The language is $A = \{a^{n}b^{n}a^{m} : n \geq 0, m \geq 0, n \neq m\}$.
I tried to use the pumping lemma. I chose the string s = $a^p b^pa^{p + p!}$ that is split in $uvxyz$ and must respect
$|vy| > 0$
$|vxy| \leq p$
$uv^ixy^iz \in A, i \in \mathbb{N} $.
I can prove that for some i and $v$ or $y$ is anywhere in $a^pb^p$, the language is not context free. But I don't know how to prove when they are in the last $a$. Whatever $i$ is, this can be pumped. So, I think I chose the wrong s.
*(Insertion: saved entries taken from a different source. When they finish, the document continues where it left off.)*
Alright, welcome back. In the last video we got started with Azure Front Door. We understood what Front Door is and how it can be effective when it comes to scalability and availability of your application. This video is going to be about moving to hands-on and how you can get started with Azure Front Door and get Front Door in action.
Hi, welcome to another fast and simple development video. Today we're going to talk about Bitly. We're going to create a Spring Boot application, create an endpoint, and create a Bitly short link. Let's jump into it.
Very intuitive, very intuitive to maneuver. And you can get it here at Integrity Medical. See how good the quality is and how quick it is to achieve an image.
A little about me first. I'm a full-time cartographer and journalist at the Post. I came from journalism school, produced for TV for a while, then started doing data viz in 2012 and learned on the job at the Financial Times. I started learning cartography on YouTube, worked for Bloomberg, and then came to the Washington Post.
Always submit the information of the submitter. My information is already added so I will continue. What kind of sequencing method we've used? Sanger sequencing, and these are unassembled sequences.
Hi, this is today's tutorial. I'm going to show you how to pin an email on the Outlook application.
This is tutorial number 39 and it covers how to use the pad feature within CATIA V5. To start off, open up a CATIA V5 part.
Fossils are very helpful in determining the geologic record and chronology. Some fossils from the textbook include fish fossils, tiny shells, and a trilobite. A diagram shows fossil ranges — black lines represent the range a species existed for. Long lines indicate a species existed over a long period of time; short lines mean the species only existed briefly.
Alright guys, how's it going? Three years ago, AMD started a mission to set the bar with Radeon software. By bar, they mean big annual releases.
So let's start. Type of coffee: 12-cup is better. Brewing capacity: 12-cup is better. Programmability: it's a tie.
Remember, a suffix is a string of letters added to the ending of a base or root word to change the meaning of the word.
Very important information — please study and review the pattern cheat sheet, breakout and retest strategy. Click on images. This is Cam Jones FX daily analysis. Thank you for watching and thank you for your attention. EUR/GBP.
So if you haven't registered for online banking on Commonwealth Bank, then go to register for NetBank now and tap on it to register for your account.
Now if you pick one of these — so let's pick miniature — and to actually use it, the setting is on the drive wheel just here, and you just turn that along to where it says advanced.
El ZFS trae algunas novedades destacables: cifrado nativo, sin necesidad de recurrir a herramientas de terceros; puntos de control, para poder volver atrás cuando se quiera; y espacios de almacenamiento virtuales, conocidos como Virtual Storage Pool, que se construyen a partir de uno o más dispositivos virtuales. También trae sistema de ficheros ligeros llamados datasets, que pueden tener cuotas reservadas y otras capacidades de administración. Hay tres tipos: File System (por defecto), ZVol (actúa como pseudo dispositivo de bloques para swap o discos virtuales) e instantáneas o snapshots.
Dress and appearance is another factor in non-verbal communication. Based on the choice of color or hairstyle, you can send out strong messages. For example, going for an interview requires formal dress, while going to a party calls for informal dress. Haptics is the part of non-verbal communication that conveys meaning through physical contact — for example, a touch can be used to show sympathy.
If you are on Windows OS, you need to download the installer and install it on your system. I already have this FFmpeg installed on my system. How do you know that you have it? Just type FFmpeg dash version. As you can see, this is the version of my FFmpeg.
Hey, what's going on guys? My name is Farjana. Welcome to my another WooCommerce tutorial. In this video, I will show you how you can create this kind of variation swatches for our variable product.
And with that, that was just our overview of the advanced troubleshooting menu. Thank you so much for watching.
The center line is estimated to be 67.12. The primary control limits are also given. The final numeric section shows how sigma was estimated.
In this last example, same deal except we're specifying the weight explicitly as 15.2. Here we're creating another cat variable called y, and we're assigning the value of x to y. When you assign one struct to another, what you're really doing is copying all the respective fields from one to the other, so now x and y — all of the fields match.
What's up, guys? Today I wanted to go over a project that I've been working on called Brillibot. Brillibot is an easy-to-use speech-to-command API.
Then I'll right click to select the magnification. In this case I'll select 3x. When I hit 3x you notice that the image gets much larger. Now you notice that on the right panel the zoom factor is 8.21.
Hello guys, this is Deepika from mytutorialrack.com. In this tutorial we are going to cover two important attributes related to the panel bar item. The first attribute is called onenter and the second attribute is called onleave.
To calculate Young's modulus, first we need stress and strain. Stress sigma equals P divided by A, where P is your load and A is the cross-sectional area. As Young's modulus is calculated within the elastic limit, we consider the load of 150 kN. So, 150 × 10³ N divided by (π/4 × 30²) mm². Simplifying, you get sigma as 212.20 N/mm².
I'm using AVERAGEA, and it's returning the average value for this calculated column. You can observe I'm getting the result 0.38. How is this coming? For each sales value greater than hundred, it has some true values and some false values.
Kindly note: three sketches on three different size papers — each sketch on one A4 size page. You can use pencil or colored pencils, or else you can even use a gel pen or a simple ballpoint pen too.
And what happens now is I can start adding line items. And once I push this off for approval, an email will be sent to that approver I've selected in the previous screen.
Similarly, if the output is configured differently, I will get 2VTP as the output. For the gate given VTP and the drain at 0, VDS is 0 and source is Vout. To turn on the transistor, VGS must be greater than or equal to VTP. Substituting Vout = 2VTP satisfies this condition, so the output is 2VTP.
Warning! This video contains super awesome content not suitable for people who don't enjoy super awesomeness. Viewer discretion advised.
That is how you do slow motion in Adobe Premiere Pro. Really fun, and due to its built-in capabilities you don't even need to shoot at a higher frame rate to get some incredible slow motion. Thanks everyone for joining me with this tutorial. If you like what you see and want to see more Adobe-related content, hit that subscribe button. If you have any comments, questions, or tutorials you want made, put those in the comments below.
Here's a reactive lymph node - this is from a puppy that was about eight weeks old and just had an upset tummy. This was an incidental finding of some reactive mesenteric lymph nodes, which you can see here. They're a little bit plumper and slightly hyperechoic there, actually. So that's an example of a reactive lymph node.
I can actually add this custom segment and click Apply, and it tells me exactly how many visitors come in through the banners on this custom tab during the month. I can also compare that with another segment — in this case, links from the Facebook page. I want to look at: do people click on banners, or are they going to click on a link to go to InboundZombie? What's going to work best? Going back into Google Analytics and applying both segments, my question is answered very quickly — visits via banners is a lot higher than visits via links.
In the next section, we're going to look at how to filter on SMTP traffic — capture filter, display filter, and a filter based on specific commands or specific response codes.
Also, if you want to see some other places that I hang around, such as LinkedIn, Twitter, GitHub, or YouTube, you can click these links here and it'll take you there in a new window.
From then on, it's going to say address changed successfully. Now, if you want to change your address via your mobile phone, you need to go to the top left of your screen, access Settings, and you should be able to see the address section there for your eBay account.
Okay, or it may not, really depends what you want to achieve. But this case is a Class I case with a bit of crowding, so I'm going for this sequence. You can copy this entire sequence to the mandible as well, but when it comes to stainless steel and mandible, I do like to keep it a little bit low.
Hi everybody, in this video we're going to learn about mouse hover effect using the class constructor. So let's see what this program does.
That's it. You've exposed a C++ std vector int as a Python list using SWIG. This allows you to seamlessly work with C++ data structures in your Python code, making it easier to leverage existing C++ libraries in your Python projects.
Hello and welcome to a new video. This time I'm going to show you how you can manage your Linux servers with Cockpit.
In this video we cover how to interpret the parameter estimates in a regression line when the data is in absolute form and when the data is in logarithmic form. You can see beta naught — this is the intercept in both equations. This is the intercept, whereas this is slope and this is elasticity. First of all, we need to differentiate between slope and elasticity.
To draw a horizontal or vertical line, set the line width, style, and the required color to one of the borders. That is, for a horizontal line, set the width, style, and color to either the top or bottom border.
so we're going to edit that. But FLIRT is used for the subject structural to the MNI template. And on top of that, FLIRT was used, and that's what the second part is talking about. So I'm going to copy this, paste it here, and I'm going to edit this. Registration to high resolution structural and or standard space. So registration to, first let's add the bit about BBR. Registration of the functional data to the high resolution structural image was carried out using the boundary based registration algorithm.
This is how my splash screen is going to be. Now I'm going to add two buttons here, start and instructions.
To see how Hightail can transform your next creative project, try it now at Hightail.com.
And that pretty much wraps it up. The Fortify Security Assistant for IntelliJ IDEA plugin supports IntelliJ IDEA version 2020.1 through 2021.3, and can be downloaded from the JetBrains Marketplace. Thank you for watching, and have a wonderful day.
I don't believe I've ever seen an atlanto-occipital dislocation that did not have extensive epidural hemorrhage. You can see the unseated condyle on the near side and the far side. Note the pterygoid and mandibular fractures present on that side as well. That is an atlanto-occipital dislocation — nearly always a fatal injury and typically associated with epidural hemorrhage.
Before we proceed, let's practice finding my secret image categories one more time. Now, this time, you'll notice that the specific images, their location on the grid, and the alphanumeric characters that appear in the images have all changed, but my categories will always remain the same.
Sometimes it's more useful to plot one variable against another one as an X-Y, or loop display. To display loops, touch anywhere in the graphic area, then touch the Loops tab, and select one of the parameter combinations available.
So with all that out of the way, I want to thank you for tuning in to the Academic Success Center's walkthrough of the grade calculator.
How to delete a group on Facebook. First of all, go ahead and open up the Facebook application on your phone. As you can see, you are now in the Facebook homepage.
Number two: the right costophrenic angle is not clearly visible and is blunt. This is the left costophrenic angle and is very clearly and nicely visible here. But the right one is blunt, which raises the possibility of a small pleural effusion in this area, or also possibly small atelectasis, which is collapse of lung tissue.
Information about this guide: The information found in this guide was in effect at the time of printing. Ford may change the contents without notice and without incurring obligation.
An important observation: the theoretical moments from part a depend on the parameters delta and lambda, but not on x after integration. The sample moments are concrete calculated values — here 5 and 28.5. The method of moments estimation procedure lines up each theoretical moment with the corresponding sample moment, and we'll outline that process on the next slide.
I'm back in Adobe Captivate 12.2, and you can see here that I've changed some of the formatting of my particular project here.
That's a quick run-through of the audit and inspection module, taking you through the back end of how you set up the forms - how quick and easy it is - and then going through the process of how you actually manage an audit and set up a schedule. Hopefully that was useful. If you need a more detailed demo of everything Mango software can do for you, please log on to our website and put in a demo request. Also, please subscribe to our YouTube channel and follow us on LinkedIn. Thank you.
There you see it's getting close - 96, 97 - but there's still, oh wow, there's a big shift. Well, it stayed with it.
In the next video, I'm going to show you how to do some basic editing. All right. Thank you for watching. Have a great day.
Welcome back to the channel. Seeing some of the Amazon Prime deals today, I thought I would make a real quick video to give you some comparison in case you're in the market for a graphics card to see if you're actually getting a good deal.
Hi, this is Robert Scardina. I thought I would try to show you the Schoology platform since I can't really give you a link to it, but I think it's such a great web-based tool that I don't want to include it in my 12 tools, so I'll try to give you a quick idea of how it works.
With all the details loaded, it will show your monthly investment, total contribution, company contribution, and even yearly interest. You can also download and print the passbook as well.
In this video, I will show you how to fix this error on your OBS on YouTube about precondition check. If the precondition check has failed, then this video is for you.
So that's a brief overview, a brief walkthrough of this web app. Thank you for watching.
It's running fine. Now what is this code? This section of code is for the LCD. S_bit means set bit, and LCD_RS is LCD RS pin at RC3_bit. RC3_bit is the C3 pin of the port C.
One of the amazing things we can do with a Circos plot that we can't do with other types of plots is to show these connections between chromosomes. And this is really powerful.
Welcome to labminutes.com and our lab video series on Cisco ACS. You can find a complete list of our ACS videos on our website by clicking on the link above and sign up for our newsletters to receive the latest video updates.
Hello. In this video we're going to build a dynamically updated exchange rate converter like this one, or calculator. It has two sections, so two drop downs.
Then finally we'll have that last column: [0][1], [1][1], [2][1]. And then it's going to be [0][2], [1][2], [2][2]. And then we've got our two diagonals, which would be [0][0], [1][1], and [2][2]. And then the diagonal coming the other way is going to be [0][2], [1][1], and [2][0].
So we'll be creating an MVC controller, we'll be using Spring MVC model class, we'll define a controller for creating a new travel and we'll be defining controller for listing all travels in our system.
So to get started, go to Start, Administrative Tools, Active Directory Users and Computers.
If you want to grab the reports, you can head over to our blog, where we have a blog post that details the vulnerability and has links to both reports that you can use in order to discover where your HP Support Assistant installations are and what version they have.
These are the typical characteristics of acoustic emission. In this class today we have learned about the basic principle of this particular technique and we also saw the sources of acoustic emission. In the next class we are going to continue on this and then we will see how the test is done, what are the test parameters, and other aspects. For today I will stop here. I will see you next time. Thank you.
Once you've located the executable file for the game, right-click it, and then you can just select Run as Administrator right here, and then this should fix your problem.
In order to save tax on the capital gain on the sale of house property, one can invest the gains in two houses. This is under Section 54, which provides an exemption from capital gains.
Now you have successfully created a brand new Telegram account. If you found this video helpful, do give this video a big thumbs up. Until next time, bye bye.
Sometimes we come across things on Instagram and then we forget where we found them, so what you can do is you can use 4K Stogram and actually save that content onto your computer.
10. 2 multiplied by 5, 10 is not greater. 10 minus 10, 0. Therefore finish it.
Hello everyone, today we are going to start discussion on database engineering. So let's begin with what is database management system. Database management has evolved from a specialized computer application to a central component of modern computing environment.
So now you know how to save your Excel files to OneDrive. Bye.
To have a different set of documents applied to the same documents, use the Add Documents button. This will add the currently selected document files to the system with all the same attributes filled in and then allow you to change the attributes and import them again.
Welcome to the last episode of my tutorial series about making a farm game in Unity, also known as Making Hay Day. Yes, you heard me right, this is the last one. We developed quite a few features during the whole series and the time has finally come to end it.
Any idea how to prove this?
Best Answer
I think that while the language may not be context-free (and it certainly doesn't look context-free), the pumping lemma cannot be used to prove it. It seems to me that you have put your finger on the difficulty. Let $s\in A$. Then $s=a^nb^na^m$ with $n\neq m.$ In the case that $n>m$ we can write $s=uvxyz$ where $$\begin{align} u&=a^n,\\v&=a,\\x&=\varepsilon,\\y&=b,\\z&=b^na^m\end{align}$$ Then for $i\geq0$,$$uv^ixy^iz=a^na^ib^ib^na^m=a^{n+i}b^{n+i}a^m\in L,$$ since $n+i>m$.
On the other hand, if $n<m$, we can write $s=uvxyz$ where $$\begin{align} u&=a^nb^na^m,\\ v&=a,\\ x&=\varepsilon,\\ y&=\varepsilon,\\ z&=\varepsilon \end{align}$$ and now for $i\geq0$,$$uv^ixy^iz=a^nb^na^ma^i=a^nb^na^ma^i=a^nb^na^{m+i}\in L,$$ since $n<m+i$.
Thus there is no string that we use can use for a pumping lemma proof.
The Wikipedia article on the pumping lemma states that there are alternatives to the pumping lemma for proving a language is not context-free. They mention Ogden's lemma and the interchange lemma, but I never studied either of these, so I can't be of much help. (Or not until I read up on them, at least.)
I found this example of the use of Ogden's lemma, which may be of use to you. I haven't found out enough about Ogden's lemma yet to understand the example myself.